Debate Magazine

Obama's Promises Are Worthless

Posted on the 08 August 2013 by Mikelumish @IsraelThrives
Mike L.
In a piece written for Commentary Magazine entitled, The Peace Process’s Turkey Problem, Evelyn Gordon makes the case that because Obama has reneged on promise after promise to the Jewish people in the Middle East, he has thereby eroded what little faith they may have had in him, thereby undermining the possibilities for peace between Jew and Arab in that part of the world.
Clearly, this isn’t the first time Obama has broken a promise to Israel. He reneged on his predecessor’s oral agreement to let Israel continue building in the settlement blocs, outraging even leftists like Haaretz editor Aluf Benn by denying the agreement’s very existence; he reneged on his predecessor’s written promise that any Israeli-Palestinian deal must leave Israel with the settlement blocs and “defensible borders”–a promise Israel paid for by vacating every last inch of Gaza and evicting every last settler–instead publicly declaring that the border must be based on the indefensible 1967 lines; and he reneged on UN Resolution 242, which also promised Israel both defensible borders and the right to keep some of the territory captured in 1967, thereby abandoning the position of every U.S. government since 1967. All this taught Israelis that his successors might similarly scrap any promises he makes Israel today.

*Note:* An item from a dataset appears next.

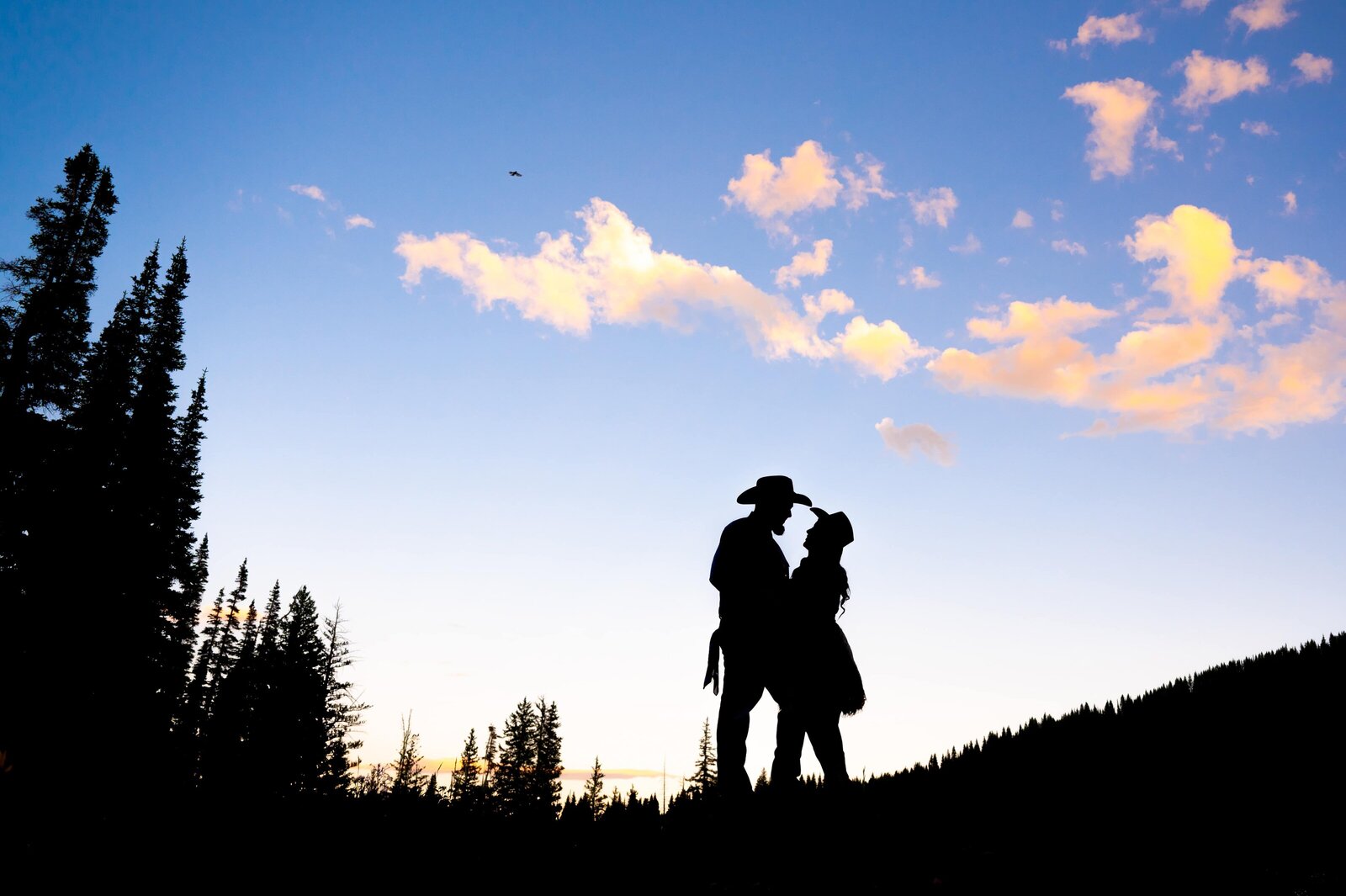 Couple silhouetted in the forest while wearing cowboy hats and boots. Western engagement session.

The heart of her article, however, is concerned with Netanyahu's regrettable and humiliating apology to Turkish Prime Minister Erdoğan, under pressure from Barack Obama, for the attack on the Israeli navy during the Mavi Marmara affair.
Gordon writes:
While visiting Israel in March, Obama personally twisted Prime Minister Benjamin Netanyahu’s arm to get him to apologize and pay compensation for Israel’s 2010 raid on a Turkish-sponsored flotilla to Gaza. Since the flotilla sought to break a blockade that even the UN recognizes as legal, and since the Turkish casualties occurred only because an “organized and violent” group of Turks attacked Israel’s boarding party with “iron bars, staves, chains, and slingshots” (to quote the UN’s report on the incident), wounding several soldiers and capturing and abusing three, most Israelis considered an apology unwarranted: The soldiers opened fire only in self-defense. Nevertheless, Netanyahu agreed, even making the telephoned apology in Obama’s presence.

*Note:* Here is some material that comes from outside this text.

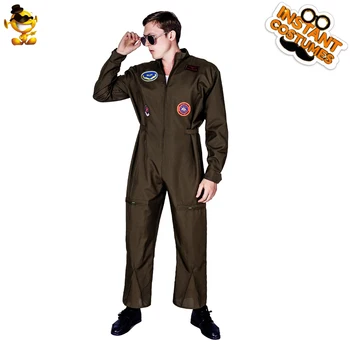 Halloween Mens Cosplay Pilot Kostym Kostym Vuxen Fancy Dress Stilig Air Force Långärmad Overall För Carnival Män Fest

In exchange, Turkey was supposed to return its ambassador to Israel, end its show-trials (in absentia) of senior Israeli officials, and otherwise restore normal relations. Five months later, not only has none of this happened, but Turkish Deputy Prime Minister Bulent Arinc made clear last month that it never will, because Turkey has appended two new conditions that weren’t part of the deal: Israel must agree that it committed a “wrongful act” (in the original apology, whose wording was carefully negotiated, Israel acknowledged operational errors but not legal wrongdoing), and it must end the Gaza blockade.
The Israelis know that hostile American president Barack Obama is simply not to be trusted with anything having to do with the Arab-Israel conflict, or the well-being of the Jewish State of Israel, and the fact that Obama refuses to stand by a deal that he brokered proves it.
Obama fell on his face early in his first term through his racist and counterproductive demand for "total settlement freeze" and has never had the grace to admit that, or any other, mistake on this issue.  On the contrary, despite the fact that Israel has made numerous concessions to the local Arabs, and despite the fact that it was the Arabs, themselves, who have consistently refused to accept a state in peace next to Israel, Obama told Jewish leadership that their fellow Jews in Israel needed to search their souls, or words to that effect, in order to see if they really wanted peace.
In this way he, essentially, blamed the Jews of the Middle East for the foreseeable negative consequences of his own misguided foreign policy.
And this is why, at least in part, the "peace process" today is as moribund as it is, despite the recent announcement of a resumption of talks.  Neither side trusts in the good faith of the Obama administration and thus neither side is particularly eager for the Obama administration to broker a deal between the parties.
Perhaps Barack Obama needs to search his own soul before he - in an exceedingly arrogant and imperious manner - advises the Jewish people to do so.